Então, hoje, voltando do trabalho eu passei por uma amiga arqueóloga e seu marido, que tem uma turma que joga um futebol bem bacana na universidade. Nos cruzamos na esquina e paramos pra conversar um pouco, aguçando a minha intenção de voltar a jogar com eles o mais breve possível. Depois dali, atravessando a praça, vi um amigo advogado do outro lado da rua que acenava pra mim dizendo “bom feriado”. Eu disse o mesmo pra ele e seguimos com um sorriso no rosto. No final da praça passou por mim um senhor que me chamou pelo nome e me perguntou como estava o “nosso” museu, ao que eu respondi com o conhecido, apressado e automático “tá tudo bem”. Na verdade eu lembro da fisionomia dele claramente mas não sei bem de onde. Pelo jeito que ele se referiu ao museu, suponho que deve ser alguém que frequentava o extinto projeto de cinema que eu coordenava lá.
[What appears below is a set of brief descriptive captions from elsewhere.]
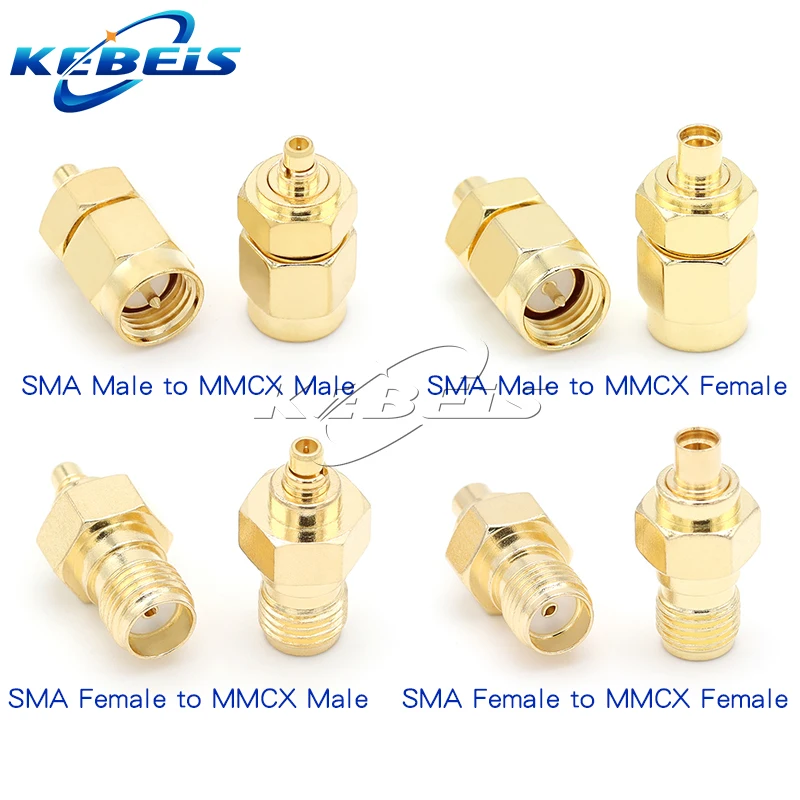 1Pcs SMA to MCX/MMCX Adapter MMCX to SMA Male plug & Female jack Straight RF Coaxial Antenna Connector Kit High Quality KEBEIS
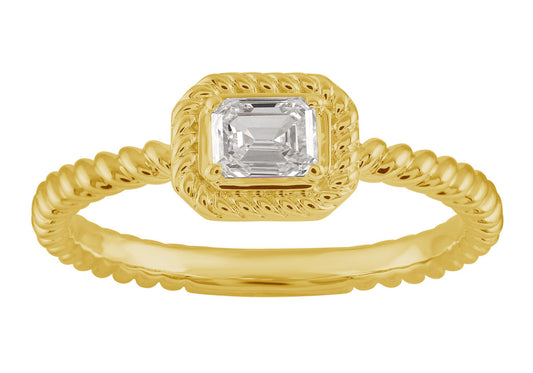 This Fashion Ring is available in 14K Yellow Gold. There are a total of 1 stones. There are Emerald Cut with a total carat weight of 0.31 set in a Bezel Set setting.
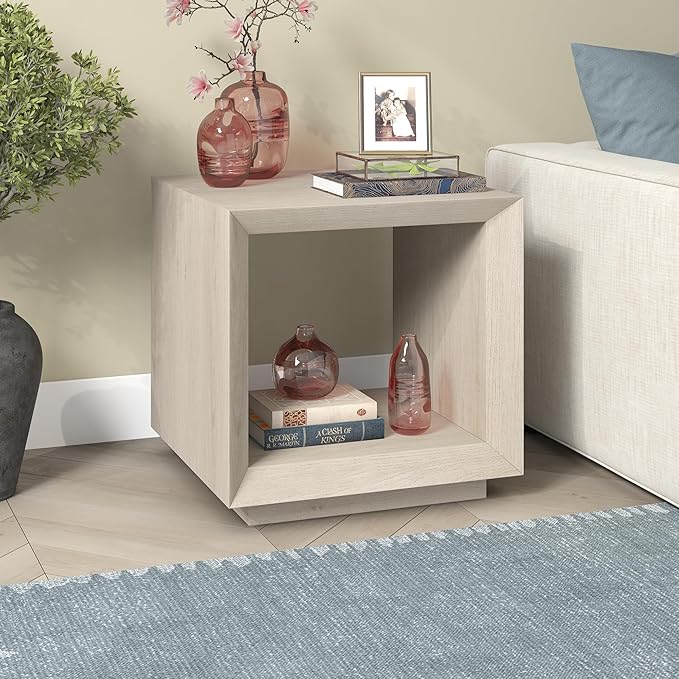 Henn&Hart 22" Modern Square Wooden End Table, Side Table, Nightstand with Open Display Shelf for Living Room, Office, Family Room, or Bedroom, Alder White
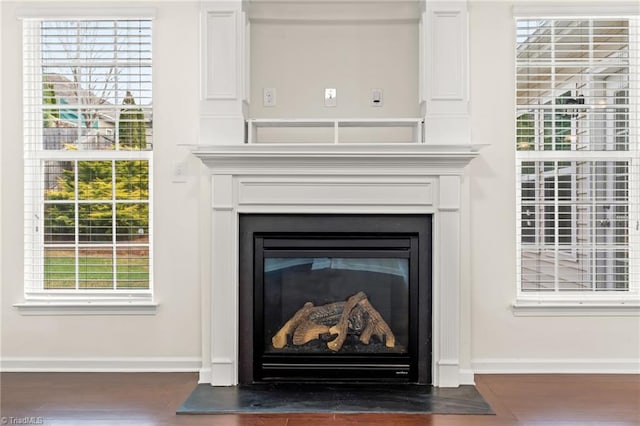 4887 Old Towne Village Cir, Pfafftown, NC 27040 - interior details with a glass covered fireplace, baseboards, and wood finished floors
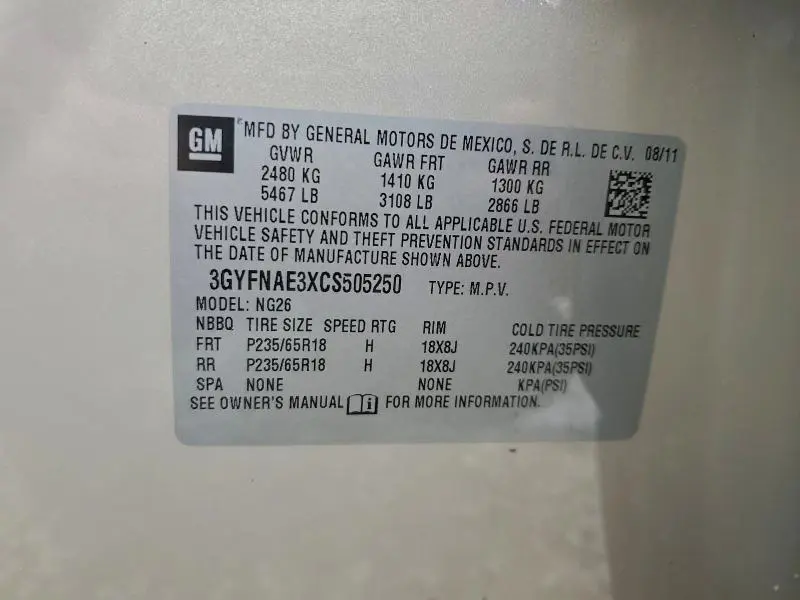 2012 CADILLAC SRX LUXURY COLLECTION  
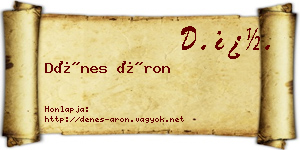 Dénes Áron névjegykártya
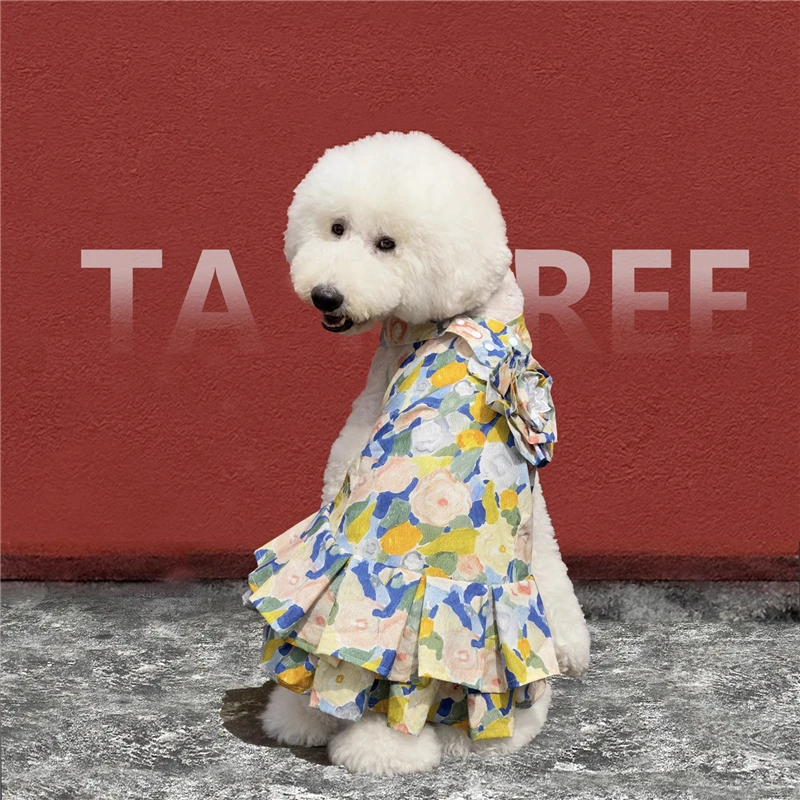 

Pets Product Fashion Dress Floral Giant Poodle Clothes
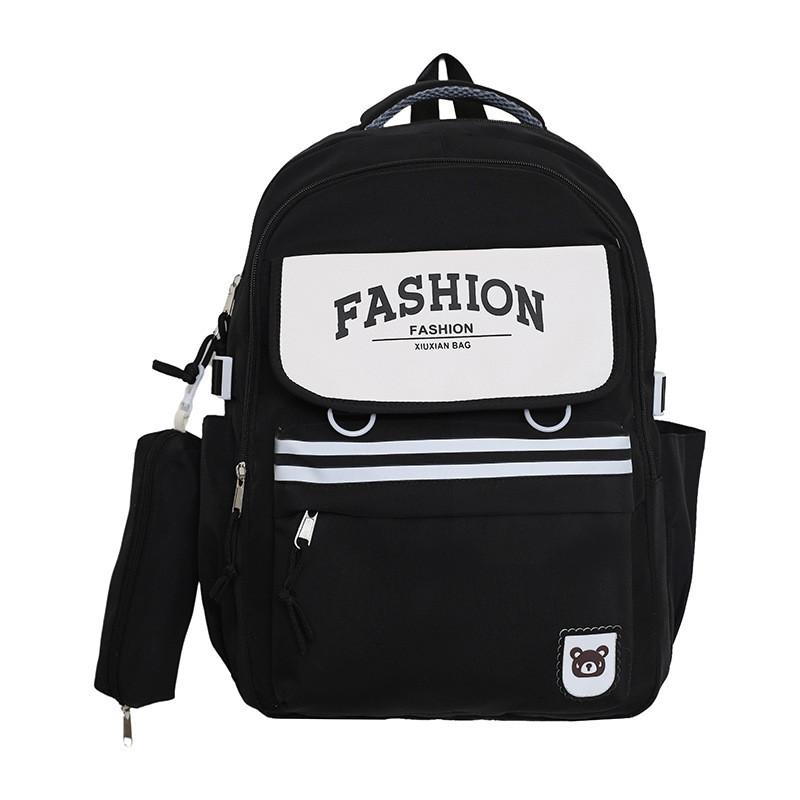 Print Letter Fashion Backpack With 16in Laptop Compartment Breathable For School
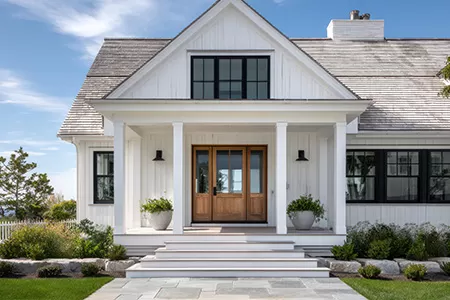 house near the ocean with bright green grass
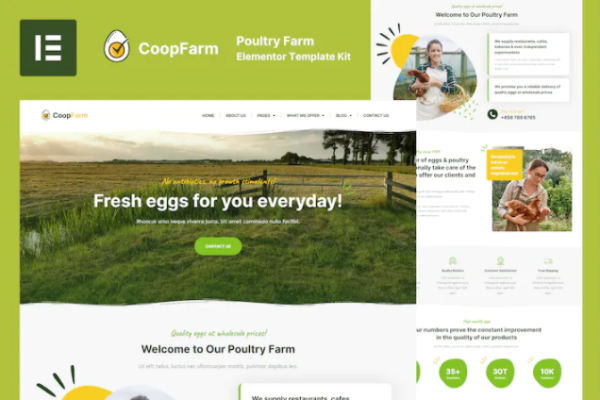 CoopFarm – 家禽养殖场元素模板套件-极客小站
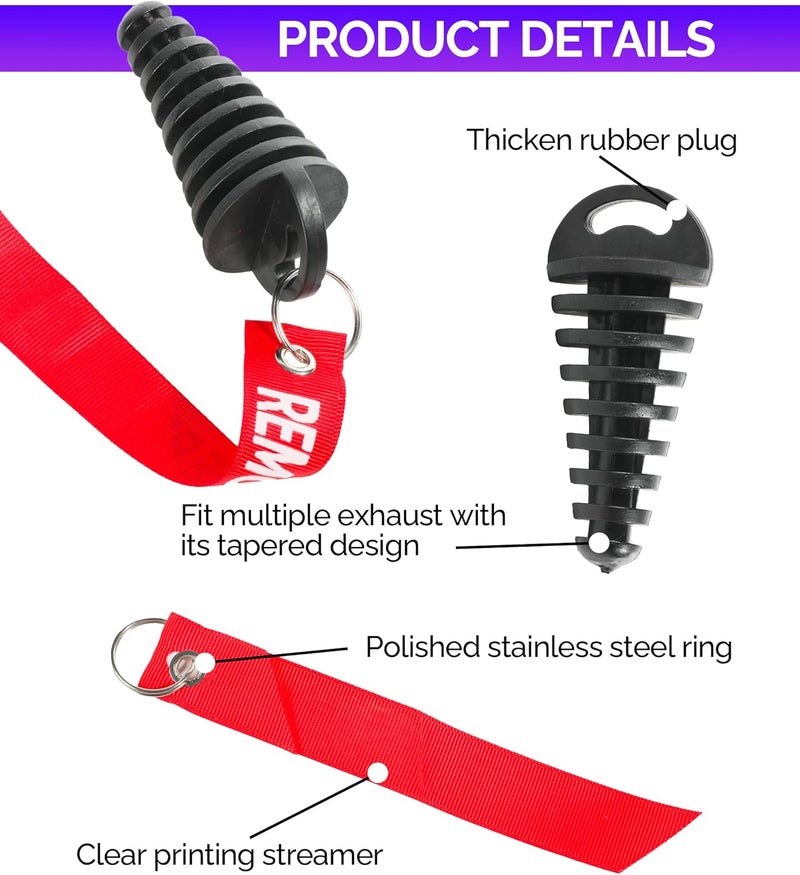 RACOONA 2PCS Muffler Exhaust Wash Plug,Dirt Bike Accessories Muffler Exhaust Tail Pipe Plug,0.6"-1.5"/1.1"-1.8" Wash Plug,Fit for Most Motorcycle Bike 2 Stroke Rubber Exhaust Silencer (0.6"-1.5") - Image 3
Foi o tempo de chegar em casa, ainda há pouco, e toda essa história veio à tona pra que eu sentasse no computador e escrevesse. Simples assim.
E se eu tinha alguma admiração pelo meu pai desde aquela época, ao final desta crônica fiquei imaginando ele por aqui por Floripa, andando do meu lado, vendo eu falar com as pessoas. Quem sabe acabasse por me admirar por isso, como eu a ele, ou mesmo se tornasse um velho amigo de todos os meus amigos, com a facilidade típica e incondicional que tinha para as amizades irrestritas. Enfim.
Imaginar isso tudo me dá muita saudade dele. Uma saudade pra lá de boa, como era voltar pra casa com o meu pai.